Может быть, москвичам, которые интересуются современным кино, и проще находить его, чем мне, иностранцу. Но я честно пытаюсь это делать, слежу, какие артхаусные фильмы появляются на профильных страницах в Instagram и на Facebook. Однако очень часто с ними происходит та же история, как с фильмом «Довлатов»: когда он привлек внимание в Берлине — продлили дни его показов. Но в начале это был стресс — успеть посмотреть за пять дней, понимая, что потом такой возможности уже не будет!
Так что быть в курсе того, какое стоящее кино снимают в России, крайне сложно. Слава богу, что я хожу на фестивали.
И что посоветуете посмотреть неискушенному зрителю?
Один из самых сильных фильмов, которые я увидел за последнее время, — это «Теснота». На первый взгляд, современная драма о Кавказе и киднепинге, которая на самом деле посвящена теме очень глубокой и важной для современного российского искусства: если родители делают для тебя все, должен ли ты им свою жизнь? Картина содержит сильную метафору и ставит очень важный вопрос: если родители оплатили квартиру, обучение, имеют ли они право требовать взамен твою жизнь?
Договор между поколениями
Ведь одно из важных отличий России от Европы заключается в том, что здесь люди очень долго живут с родителями, которые годами за них платят, «выводя детей в люди». Отсюда проистекает вопрос, который я часто задаю тут своим знакомым: каковы у вас условия негласного договора между поколениями?
Потому что я из страны, где в 18 ты съезжаешь из родительского дома. И если они и покупают тебе что-то, то это подарок на день рождения или на Рождество. Ну, и пока ты еще в начале пути, студент, родители могут оплатить приобретение микроволновки, например, или телевизора. Но мы не живем дальше за их счет, у нас уже раздельные бюджеты. Оборотная сторона этой медали заключается в том, что мы не заботимся о родителях, когда они стареют, так, как это делаете вы.
У вас государство делает это на достойном уровне, остается только навещать пожилых родителей время от времени.
Да, но мы сейчас говорим о различиях в культурном коде, и эти отношения между поколениями — важный момент для меня, как для иностранца. В нем — один из главных ключей к пониманию существующей между нами разницы.

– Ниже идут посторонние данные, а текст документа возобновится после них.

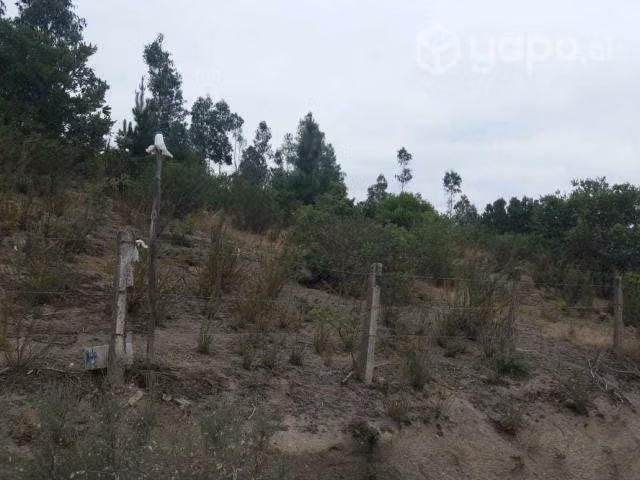 Fundo Santa Clara, Laguna Trupán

Что делает Швецию страной индивидуалистичной? Это возможность проявления и развития индивидуальности, которая заложена в нашей модели отношений между поколениями. У нас ты можешь сказать родителям: «Я живу своей жизнью и детей своих воспитываю так, как считаю нужным. И неважно, принимаете вы мой выбор или нет».
А у вас — совсем другая ситуация из-за того, что связи между поколениями сильнее. С одной стороны это является причиной многих позитивных явлений: одиночество в России, как мне кажется, меньшая проблема, чем у нас. Но в то же время для людей, более индивидуалистично настроенных, такое положение дел порождает проблемы.
Вы говорите, москвичи слабо представляют, что сегодня происходит в мировой культуре. Какие доступные в переводе шведские книги и фильмы вы можете порекомендовать, чтобы начать этот пробел заполнять?
В литературе у нас сейчас, можно сказать, кризис. Превалируют детективы. С фильмами дела обстоят получше. Шведские криминальные драмы, вроде «Шальных денег» или «Девушки с татуировкой дракона», в рекламе не нуждаются — многие и так их смотрят. Это такой живой мостик к современному кинематографу Швеции.
Разумеется, у нас снимают и другое кино. Я, например, был очень доволен тем, что наш фильм «Border» 2018 года вызвал в российской прессе живую дискуссию между Антоном Долиным и другими критиками о морали в этой ленте. В вашем прокате она шла под названием «На границе миров».
Стефан Ингварссон поделился своими наблюдениями, как иностранец, живущий и работающий в Москве. Все его высказывания составляют его личное мнение и не являются официальной позицией Швеции, шведского МИД или Министерства культуры.